Nah saking sukanya dengan kak Shone ini, Nam pun mulai berusaha untuk memperbaiki dirinya. Hal tersebut dilakukannya agar bisa memperoleh perhatian dari Kak Shone. Pelan tapi pasti Nam yang hitam mulai bertransformasi hingga akhirnya menjelma menjadi seorang gadis sangat cantik. Kecantikan yang membuatnya menjadi salah satu gadis yang paling banyak mendapat kado di hari valentine.


Namun sayangnya menjadi cantik tak cukup bagi Nam untuk bisa mendapatkan Shone. Saat memutuskan untuk mengungkapkan perasaannya pada Shone, Nam harus menerima kenyataan kalau dirinya terlambat. Shone sudah terlanjur jadian dengan Pin. Patah hati, Nam akhirnya memutuskan pindah ke Amerika.
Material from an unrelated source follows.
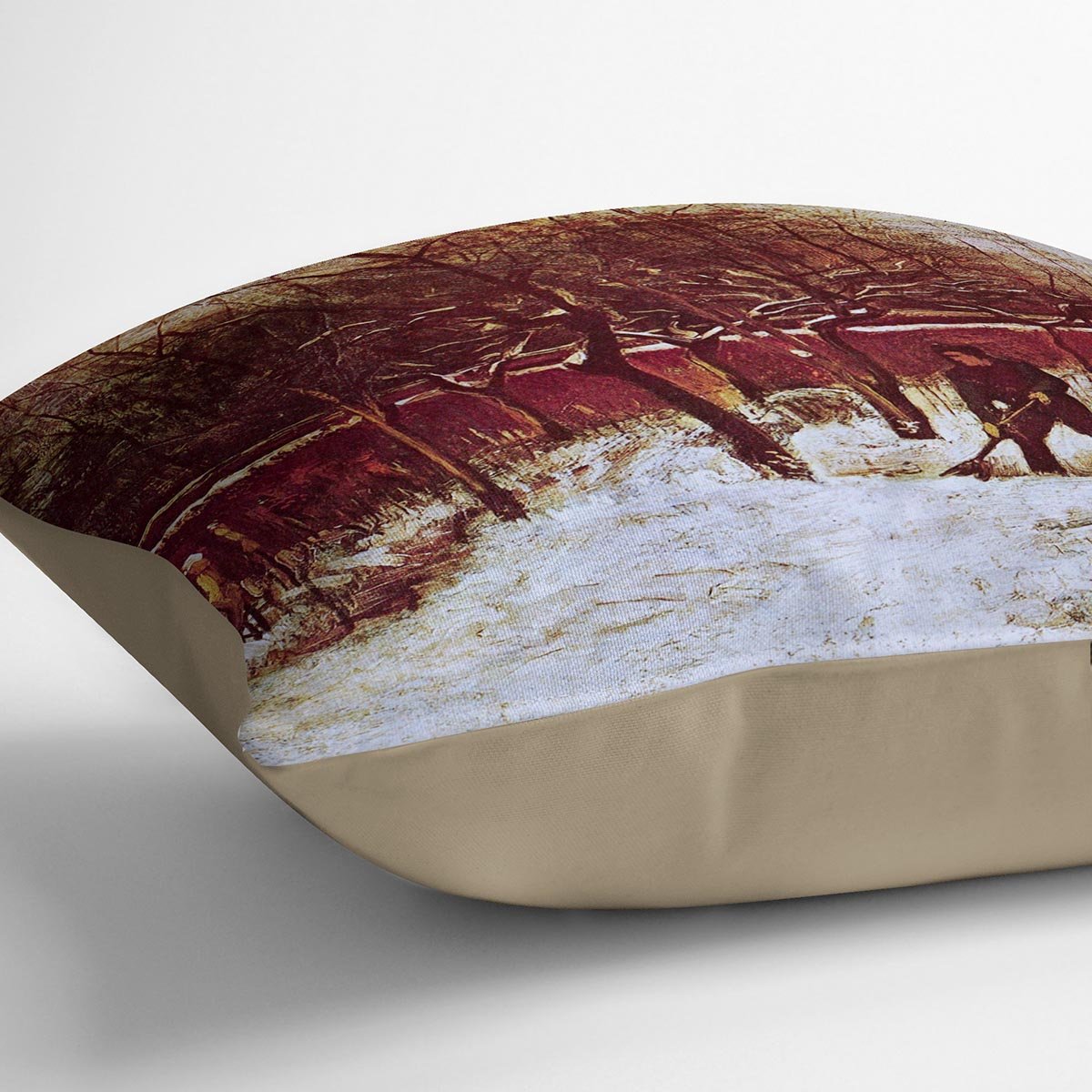 The Parsonage Garden at Nuenen in the Snow by Van Gogh Throw Pillow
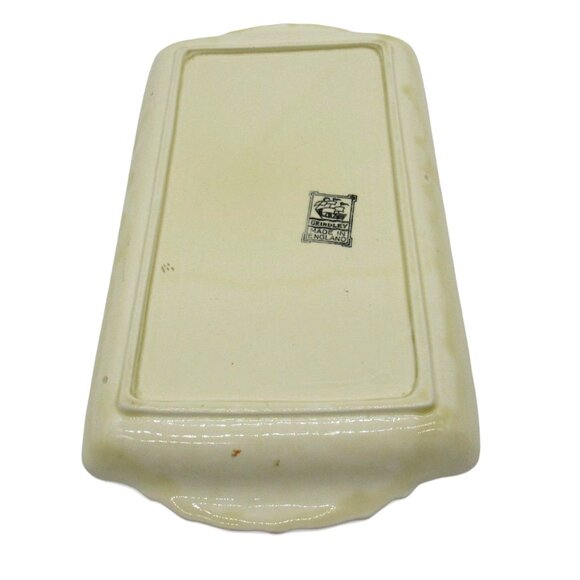 GRINDLEY CERAMIC Tray Ornate Handles Geometric Floral Border England Vintage 11" - Picture 5 of 10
“Bagiku dia tetap sama, selalu terlihat cantik.” Itulah kalimat favorit saya sepanjang menonton film ini. Kalimat ini merupakan isi hati yang sebenarnya dari Shone terhadap Nam. Benar. siapa bilang cinta Nam bertepuk sebelah tangan? Dia hanya tak pernah tahu kalau sebenarnya Shone juga menaruh perhatian padanya, bahkan sejak dirinya masih berwujud “itik buruk rupa”. Dia tak tahu kalau Shone selalu memantau gerak-geriknya bahkan mengabadikan transformasi yang terjadi padanya dalam jepretan kamera miliknya. Masalahnya adalah waktu mereka selalu salah, seperti yang dituliskan Shone dalam diary-nya ketika mengetahui kalau sahabatnya menyatakan cinta pada Nam. Dan karena keputusan sudah diambil, tak mungkin bagi mereka untuk mundur lagi. Masa depan sedang menunggu mereka, dengan meninggalkan cinta di belakangnya.

***

Menonton film ini benar-benar mengingatkan saya akan kehidupan saya di masa SMA. Jaman dimana cinta adalah sesuatu hal yang masih bersifat platonik bagi saya. Saat dimana saya menyukai seorang kakak tingkat secara diam-diam, memandangnya dari kejauhan hingga perasaan gugup yang melanda saat berpapasan kakak tingkat tersebut. Hal-hal yang mungkin tak pernah saya rasakan kembali selama 10 tahun terakhir. Dan menonton film ini, bagi saya adalah sebuah nostalgia.